[Short web captions]
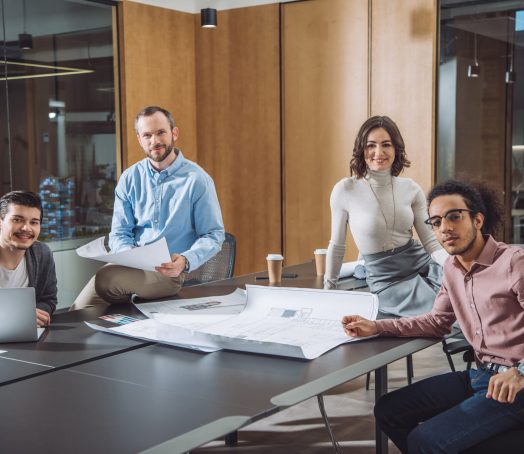group of successful architects sitting at conference hall of office and looking at camera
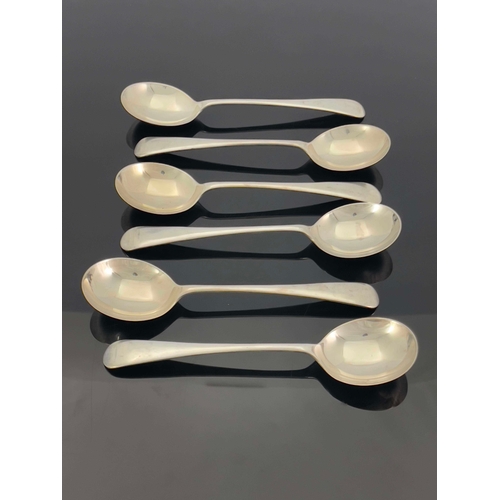 173 - A set of six George V silver soup spoons, Walker and Hall, Sheffield 1918, Old English pattern with ... 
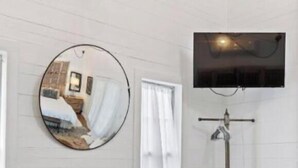 Una habitación con un escritorio de madera, taburetes, una silla, un espejo redondo y un televisor montado en la pared.
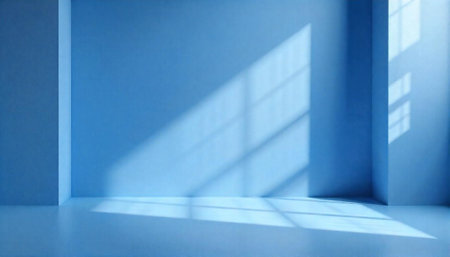 Blue room illuminated by sunlight streaming through window panesの写真素材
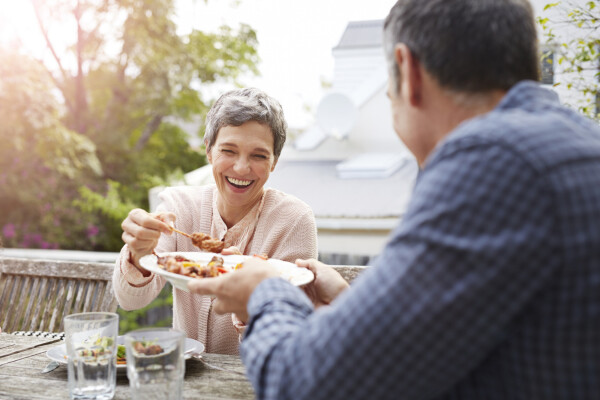 Mulher idosa almoçando no quintal de casa com um homem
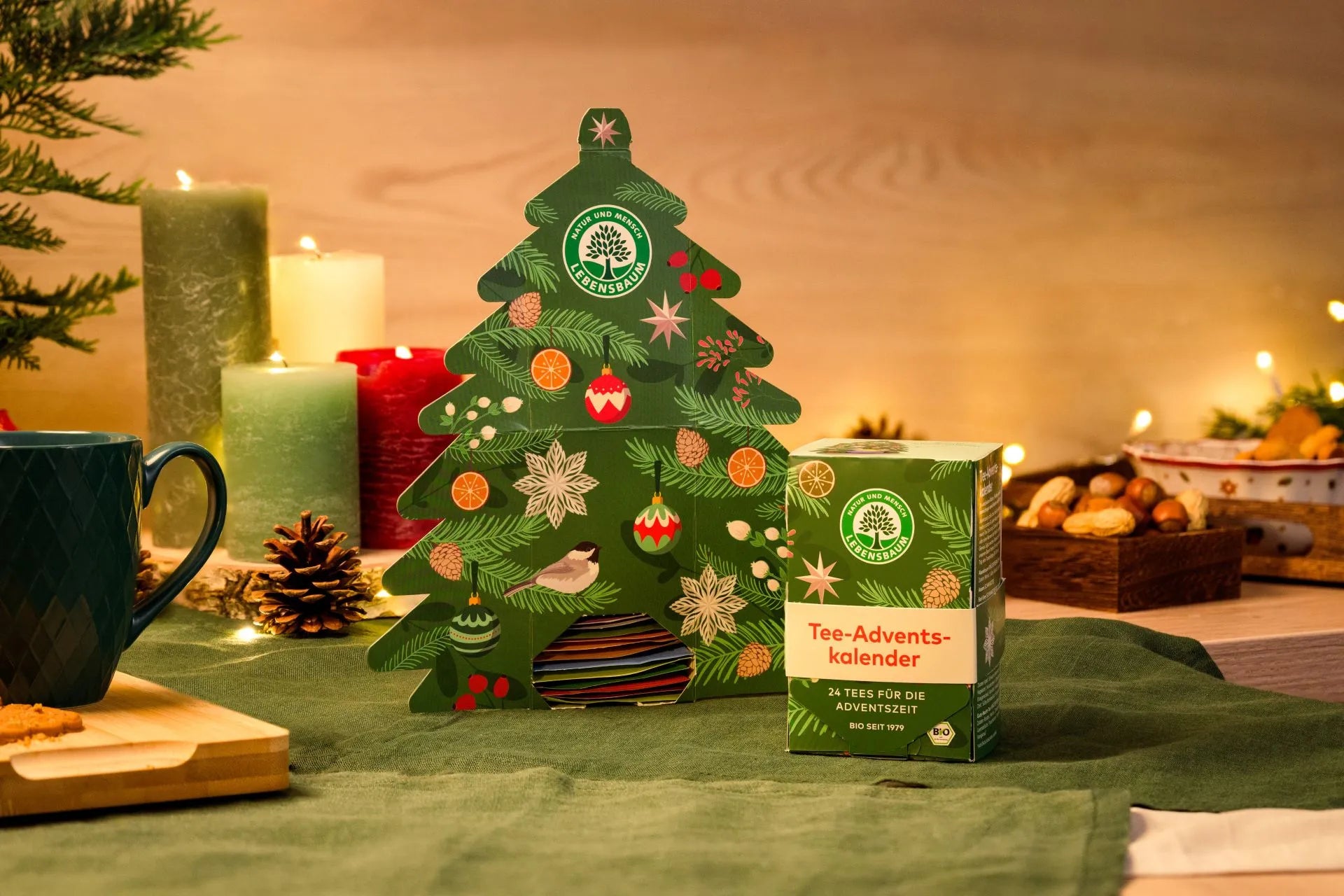 Lebensbaum Tee Adventskalender mit Bio-Packung in weihnachtlicher Szenerie mit Kerzen und Nüssen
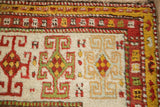 Detail of a Kazak rug corner showing the geometric rams horn and serpent motif borders.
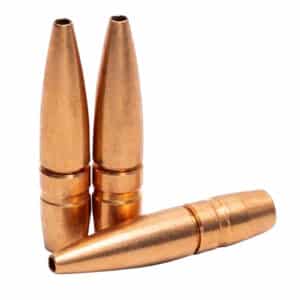 Three copper bullets standing upright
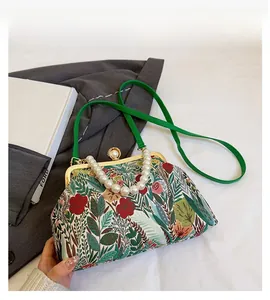 Detail of floral fabric crossbody bag featuring a pearl handle and metal clasp closure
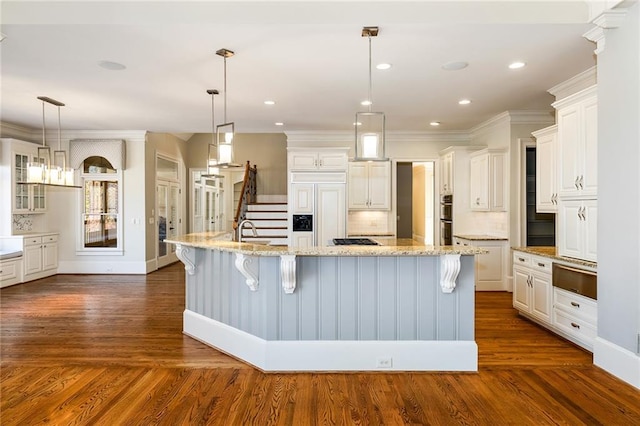 kitchen with a large island, a kitchen bar, white cabinetry, and dark wood-type flooring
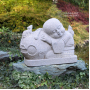 Bébé couché au grelot jizo bosatsu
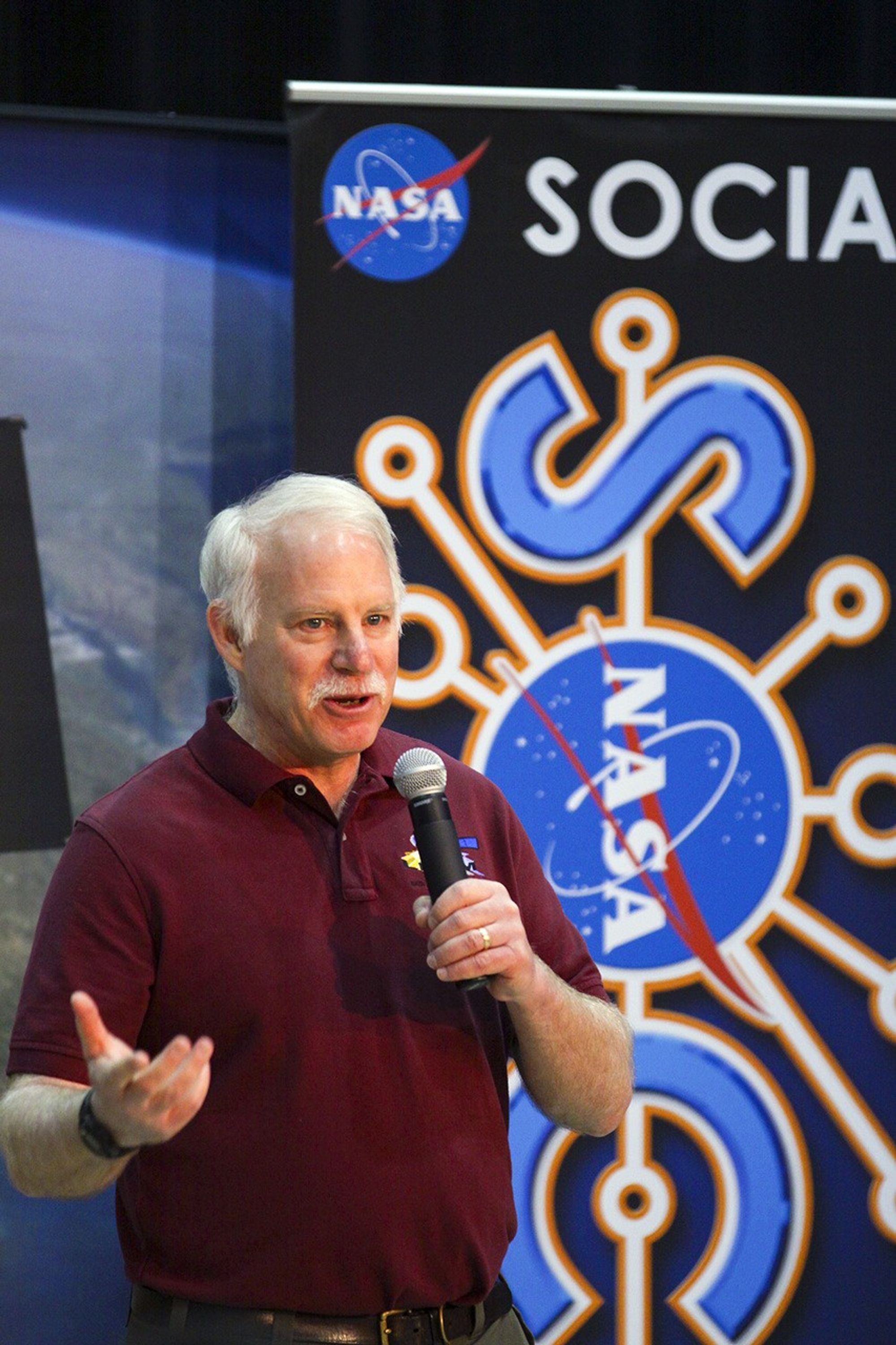 A man is slightly off center in the image. He is looking to the right of the camera and is holding a microphone in his left hand, looking to be standing and presenting or making a speech. He is wearing a maroon, short-sleeved polo and has white hair and a white mustache. Behind him, in the background of the image is a banner with the NASA meatball logo and a logo for a NASA Social.
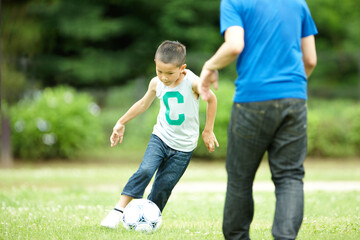緑の芝生の上で元気よくサッカーをして遊ぶ男の子と父親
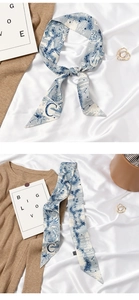 Close-up of blue and white silk twilly scarf with letter C and Toile de Jouy pattern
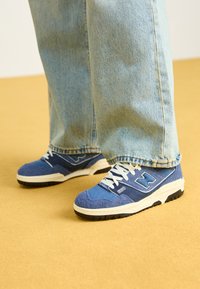 Siniset lenkkarit, joissa on teksturoitu kangaspinta, valkoiset yksityiskohdat ja tukeva musta ulkopohja, yhdistettynä vaaleisiin farkkuihin. Keltainen tausta.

Work order: Beginning at the line that contains "Close-up of blue", copy each remaining line of the records exactly, through the final one. Omit the pictures.

Written answer:
 Close-up of blue and white silk twilly scarf with letter C and Toile de Jouy pattern
 Siniset lenkkarit, joissa on teksturoitu kangaspinta, valkoiset yksityiskohdat ja tukeva musta ulkopohja, yhdistettynä vaaleisiin farkkuihin. Keltainen tausta.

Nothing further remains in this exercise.